_Task description_
Could you filter the data below down to the lines that hold the word "Land"?
-- Task input follows --
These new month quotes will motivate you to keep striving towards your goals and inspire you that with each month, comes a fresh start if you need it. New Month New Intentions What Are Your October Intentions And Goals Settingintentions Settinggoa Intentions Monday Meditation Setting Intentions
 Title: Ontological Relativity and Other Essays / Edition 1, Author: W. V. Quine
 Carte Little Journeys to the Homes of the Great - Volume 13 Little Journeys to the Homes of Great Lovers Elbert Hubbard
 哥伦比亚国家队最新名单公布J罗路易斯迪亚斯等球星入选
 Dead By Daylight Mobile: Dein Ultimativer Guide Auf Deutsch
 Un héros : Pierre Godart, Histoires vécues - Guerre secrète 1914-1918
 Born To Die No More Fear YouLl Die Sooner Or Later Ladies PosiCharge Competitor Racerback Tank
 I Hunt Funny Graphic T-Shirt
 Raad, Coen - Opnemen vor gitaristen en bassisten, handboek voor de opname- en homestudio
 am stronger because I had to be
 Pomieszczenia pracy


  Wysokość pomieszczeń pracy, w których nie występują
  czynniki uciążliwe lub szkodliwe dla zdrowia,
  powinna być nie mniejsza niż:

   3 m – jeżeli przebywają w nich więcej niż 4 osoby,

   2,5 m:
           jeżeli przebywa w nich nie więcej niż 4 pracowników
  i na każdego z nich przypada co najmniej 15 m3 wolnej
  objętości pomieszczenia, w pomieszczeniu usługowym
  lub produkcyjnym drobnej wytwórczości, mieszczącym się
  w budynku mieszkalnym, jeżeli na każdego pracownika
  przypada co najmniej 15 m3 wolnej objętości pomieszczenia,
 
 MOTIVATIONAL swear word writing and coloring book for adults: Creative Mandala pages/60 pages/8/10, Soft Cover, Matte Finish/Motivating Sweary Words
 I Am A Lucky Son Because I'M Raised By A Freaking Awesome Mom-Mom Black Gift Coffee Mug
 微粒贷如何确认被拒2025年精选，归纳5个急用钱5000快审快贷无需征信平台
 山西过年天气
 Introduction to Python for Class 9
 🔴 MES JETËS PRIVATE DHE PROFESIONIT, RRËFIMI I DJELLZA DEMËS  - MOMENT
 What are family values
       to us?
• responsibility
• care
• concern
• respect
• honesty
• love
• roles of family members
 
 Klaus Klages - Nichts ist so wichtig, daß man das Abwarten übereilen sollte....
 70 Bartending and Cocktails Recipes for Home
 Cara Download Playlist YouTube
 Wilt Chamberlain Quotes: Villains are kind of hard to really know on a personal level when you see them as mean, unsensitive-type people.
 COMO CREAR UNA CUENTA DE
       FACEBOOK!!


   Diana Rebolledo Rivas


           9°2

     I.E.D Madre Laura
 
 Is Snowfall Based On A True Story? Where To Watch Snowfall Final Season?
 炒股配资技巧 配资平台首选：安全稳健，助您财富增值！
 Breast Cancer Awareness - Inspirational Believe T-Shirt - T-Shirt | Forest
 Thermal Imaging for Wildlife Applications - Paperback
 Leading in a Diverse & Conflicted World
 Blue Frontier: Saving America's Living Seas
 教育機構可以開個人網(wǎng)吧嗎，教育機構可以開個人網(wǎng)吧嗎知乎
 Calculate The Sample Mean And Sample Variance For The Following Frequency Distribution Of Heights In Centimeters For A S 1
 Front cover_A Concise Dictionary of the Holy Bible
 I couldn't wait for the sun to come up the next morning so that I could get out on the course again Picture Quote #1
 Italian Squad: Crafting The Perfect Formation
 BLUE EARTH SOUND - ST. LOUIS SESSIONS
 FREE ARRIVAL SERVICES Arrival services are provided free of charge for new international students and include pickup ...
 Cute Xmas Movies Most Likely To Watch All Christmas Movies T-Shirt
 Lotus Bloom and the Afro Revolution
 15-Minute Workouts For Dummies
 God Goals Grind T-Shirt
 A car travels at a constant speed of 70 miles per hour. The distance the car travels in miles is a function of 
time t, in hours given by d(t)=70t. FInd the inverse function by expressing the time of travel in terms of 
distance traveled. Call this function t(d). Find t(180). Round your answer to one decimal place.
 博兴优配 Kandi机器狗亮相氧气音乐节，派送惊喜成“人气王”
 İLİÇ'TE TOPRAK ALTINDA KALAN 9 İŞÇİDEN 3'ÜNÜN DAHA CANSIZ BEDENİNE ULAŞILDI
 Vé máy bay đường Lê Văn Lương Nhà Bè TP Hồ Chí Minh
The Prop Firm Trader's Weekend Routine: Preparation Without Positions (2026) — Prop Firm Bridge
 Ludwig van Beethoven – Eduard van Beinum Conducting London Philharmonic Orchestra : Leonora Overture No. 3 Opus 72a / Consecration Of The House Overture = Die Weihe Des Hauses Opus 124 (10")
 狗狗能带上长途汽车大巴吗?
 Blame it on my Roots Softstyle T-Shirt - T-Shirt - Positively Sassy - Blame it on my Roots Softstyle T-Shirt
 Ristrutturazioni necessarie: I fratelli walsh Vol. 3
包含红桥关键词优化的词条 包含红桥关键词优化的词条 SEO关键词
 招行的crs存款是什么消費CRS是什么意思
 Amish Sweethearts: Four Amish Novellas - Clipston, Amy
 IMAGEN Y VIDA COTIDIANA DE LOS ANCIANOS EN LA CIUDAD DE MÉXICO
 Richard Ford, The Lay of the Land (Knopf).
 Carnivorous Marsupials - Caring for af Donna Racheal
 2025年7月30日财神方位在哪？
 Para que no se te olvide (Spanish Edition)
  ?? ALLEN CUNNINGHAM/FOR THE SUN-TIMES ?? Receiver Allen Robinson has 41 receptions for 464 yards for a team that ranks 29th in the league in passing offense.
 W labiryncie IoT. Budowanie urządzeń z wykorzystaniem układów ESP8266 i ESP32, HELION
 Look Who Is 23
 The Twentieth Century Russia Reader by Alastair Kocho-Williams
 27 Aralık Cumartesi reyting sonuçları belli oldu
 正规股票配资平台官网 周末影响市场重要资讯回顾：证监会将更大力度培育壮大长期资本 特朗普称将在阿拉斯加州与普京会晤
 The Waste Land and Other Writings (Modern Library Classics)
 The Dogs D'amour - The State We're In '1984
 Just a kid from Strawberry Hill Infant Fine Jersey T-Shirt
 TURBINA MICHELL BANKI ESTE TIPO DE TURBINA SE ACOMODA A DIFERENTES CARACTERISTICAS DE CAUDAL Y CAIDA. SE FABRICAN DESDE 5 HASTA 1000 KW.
-- Task input concluded --
_Your response_
 Richard Ford, The Lay of the Land (Knopf).
 The Waste Land and Other Writings (Modern Library Classics)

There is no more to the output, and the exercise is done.